» **Supplied entries**
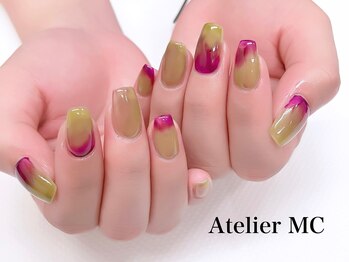 アトリエ エムシー 新富町(Atelier MC)/マーブルネイル#ぶどうカラー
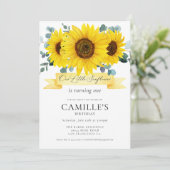 Sonnenblume Mädchen 1. Geburtstag Einladung (Stehend Vorderseite)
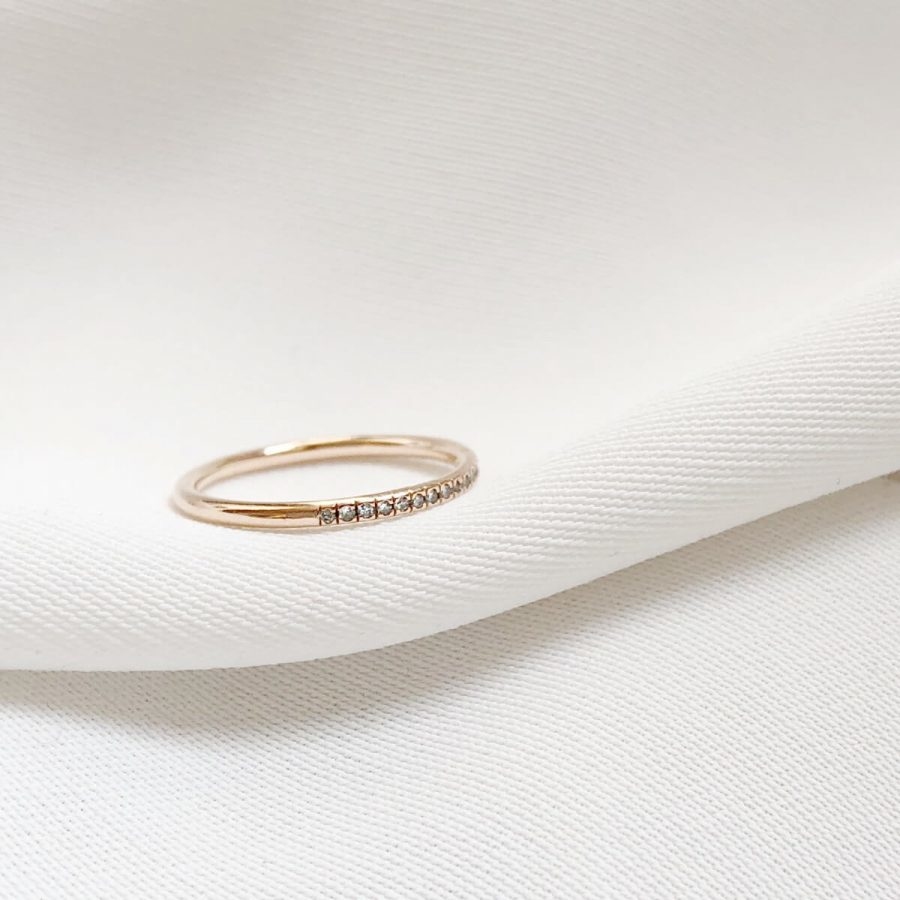 14K 整排真鑽戒指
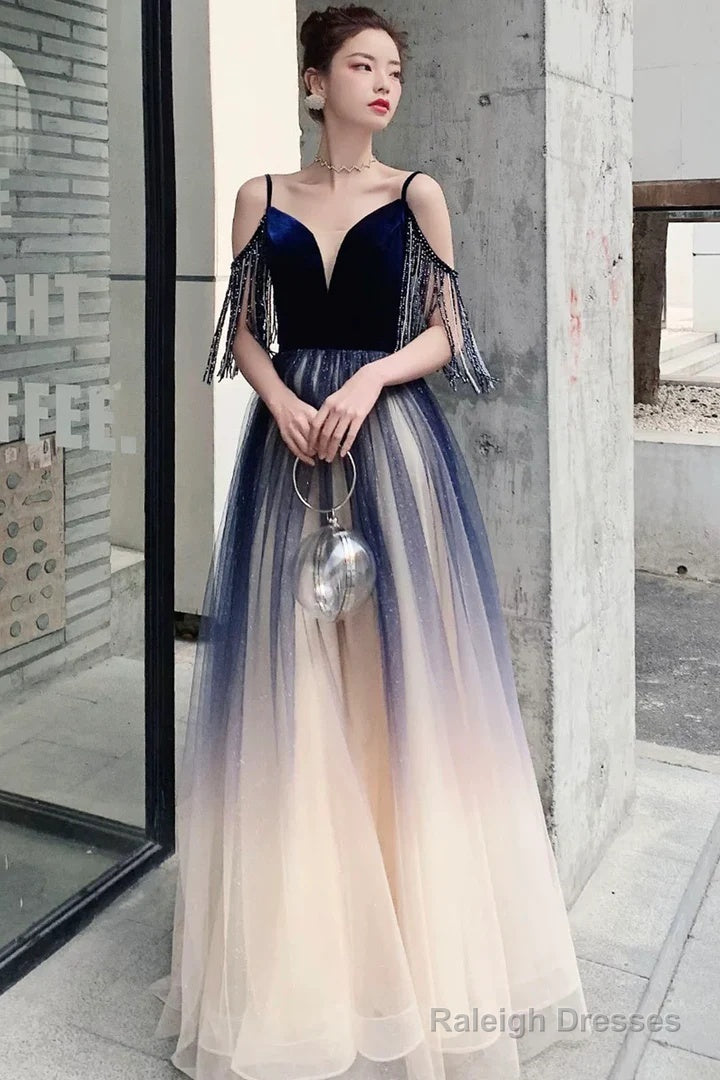 Beautiful Tulle Blue Gradient V-Neckline Straps Prom Dress, A-Line Tulle Formal Dress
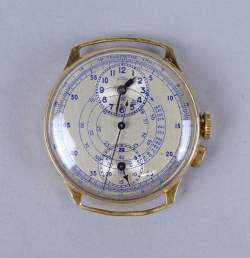 Bijou : Montre bracelet d'homme FORTIS chronographe télémètre en or jaune 18K mouvement à remontoir (en état)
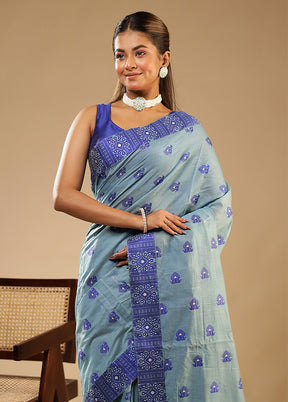 Blue Assam Silk Saree With Blouse Piece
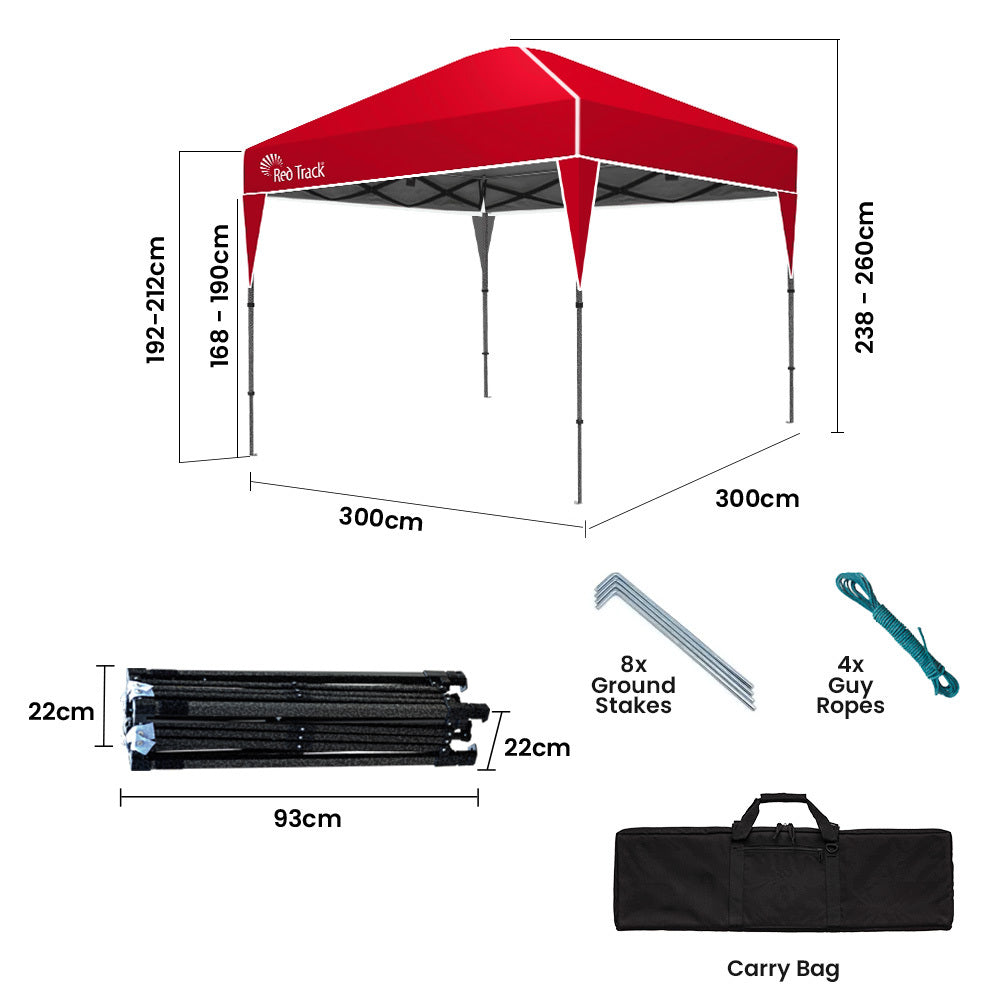 RED TRACK 3x3m Ultra Compact Folding Gazebo, Carry bag, Portable Outdoor Popup Marquee for Camping Beach, Red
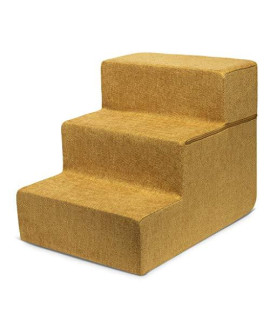 Best Pet Supplies Foldable Foam Pet Steps for Small Dogs and Cats, Portable Ramp Stairs for Couch, Sofa, and High Bed Climbing, Non-Slip Balanced Indoor Step Support, Paw Safe - Mustard, 3-Step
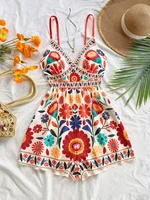 Combinaison de vacances pour femme, combinaison d'été bohème, combinaison d'été imprimée pour femme, combinaison d'été décontractée pour femme, combinaison pour fête du Nouvel An 1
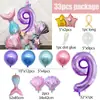 Globo de Sirena Transfronterizo Columna de Globos con Número Set Tema de Sirena Concha Decoración de Escena de Cumpleaños Infantil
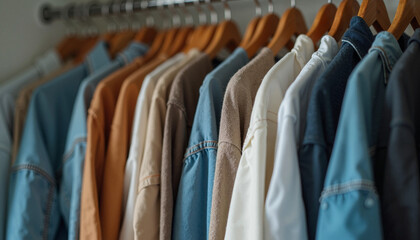Transform your space with a well-organized wardrobe featuring a spectrum of stylish clothing options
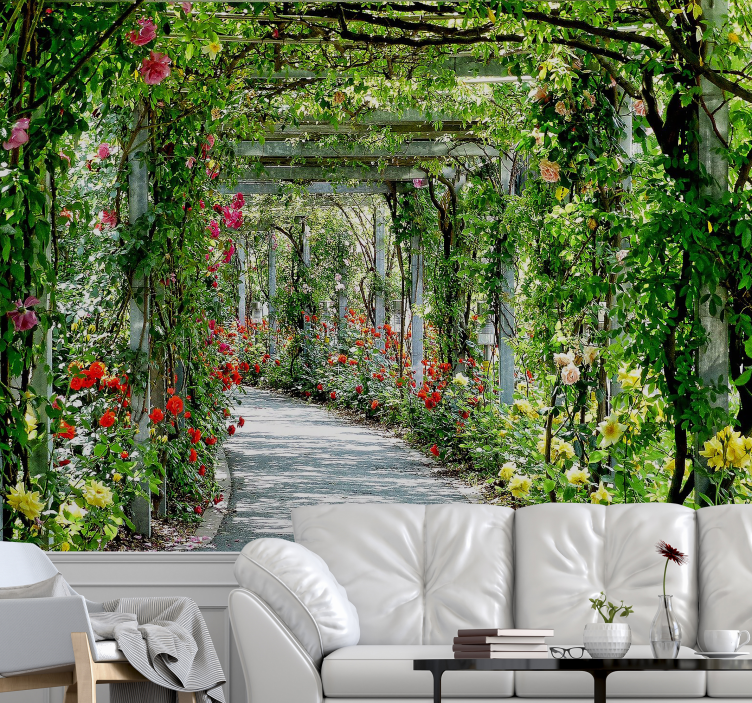 Fotomurale fiori lussureggiante galleria floreale - TenStickers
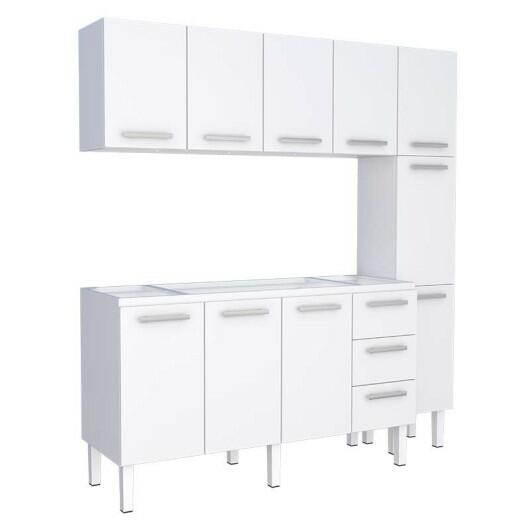 Cozinha Completa de Aço Gabinete Para Pia 160cm com Aéreo e Paneleiro Vênus Cozimax Branco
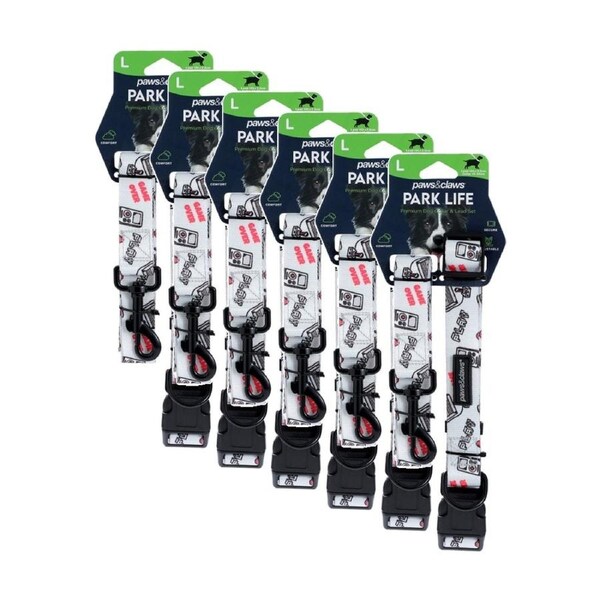 6x Paws And Claws Park Life Dog Collar & Lead Set Large 45-65cm 120x2.5cm Assorted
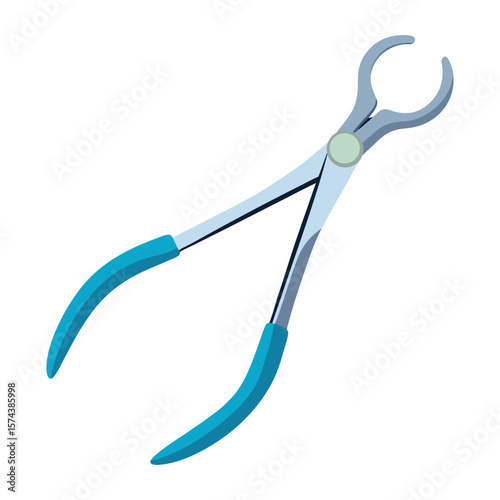 Illustration of a dental extraction forceps tool with blue handles on a white background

» **Exercise description**
Look above for the line with "Combinaison de vacances", then give again exactly every line from there through the line with "Globo de Sirena", skipping the pictures.

» **Response to this exercise**
 Combinaison de vacances pour femme, combinaison d'été bohème, combinaison d'été imprimée pour femme, combinaison d'été décontractée pour femme, combinaison pour fête du Nouvel An 1
 Globo de Sirena Transfronterizo Columna de Globos con Número Set Tema de Sirena Concha Decoración de Escena de Cumpleaños Infantil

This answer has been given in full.